### YOUR TASK
Lines to return, exactly: from the line with "18111 Erik Court" to the line with "Loja / Salão" in the entries below, both included.

*** Opening AVAILABLE RECORDS ***

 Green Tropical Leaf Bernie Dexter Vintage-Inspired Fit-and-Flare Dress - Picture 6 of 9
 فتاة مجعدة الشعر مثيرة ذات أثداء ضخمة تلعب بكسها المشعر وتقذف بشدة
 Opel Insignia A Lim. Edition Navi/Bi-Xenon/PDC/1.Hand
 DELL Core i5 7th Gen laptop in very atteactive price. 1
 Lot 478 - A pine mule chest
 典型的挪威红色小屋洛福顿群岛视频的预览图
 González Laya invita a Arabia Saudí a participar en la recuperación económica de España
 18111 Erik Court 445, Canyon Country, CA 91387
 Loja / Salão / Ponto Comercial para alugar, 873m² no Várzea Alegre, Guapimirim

*** Closing AVAILABLE RECORDS ***
*** Opening AVAILABLE RECORDS ***

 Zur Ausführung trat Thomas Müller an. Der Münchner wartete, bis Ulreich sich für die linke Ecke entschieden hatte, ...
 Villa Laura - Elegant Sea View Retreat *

*** Closing AVAILABLE RECORDS ***
*** Opening AVAILABLE RECORDS ***

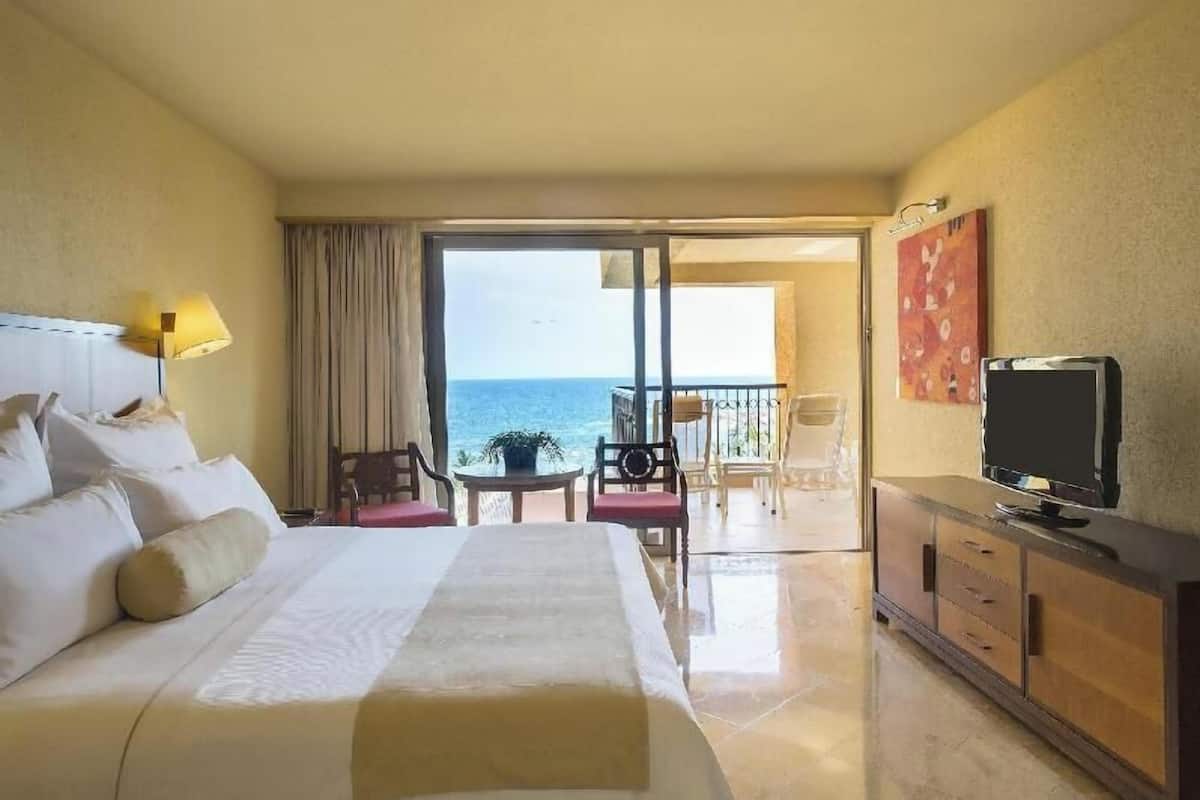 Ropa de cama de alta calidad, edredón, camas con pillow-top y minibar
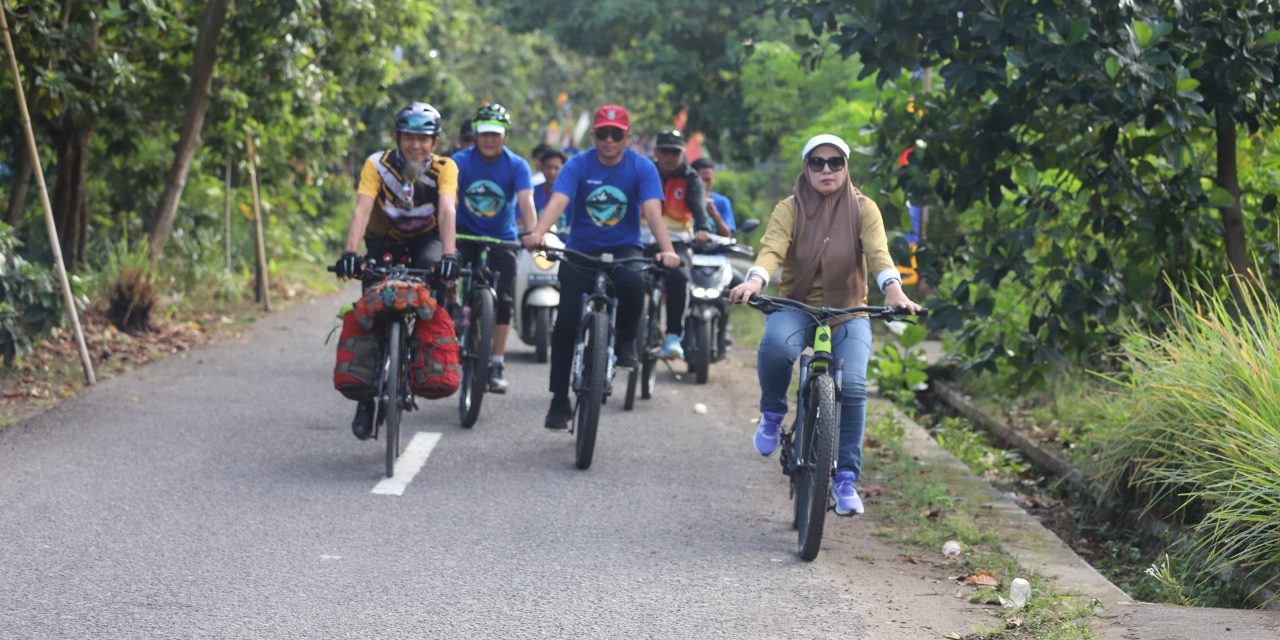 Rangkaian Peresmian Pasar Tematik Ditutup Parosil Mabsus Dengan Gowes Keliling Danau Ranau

*** Closing AVAILABLE RECORDS ***

### TASK RESULT
 18111 Erik Court 445, Canyon Country, CA 91387
 Loja / Salão / Ponto Comercial para alugar, 873m² no Várzea Alegre, Guapimirim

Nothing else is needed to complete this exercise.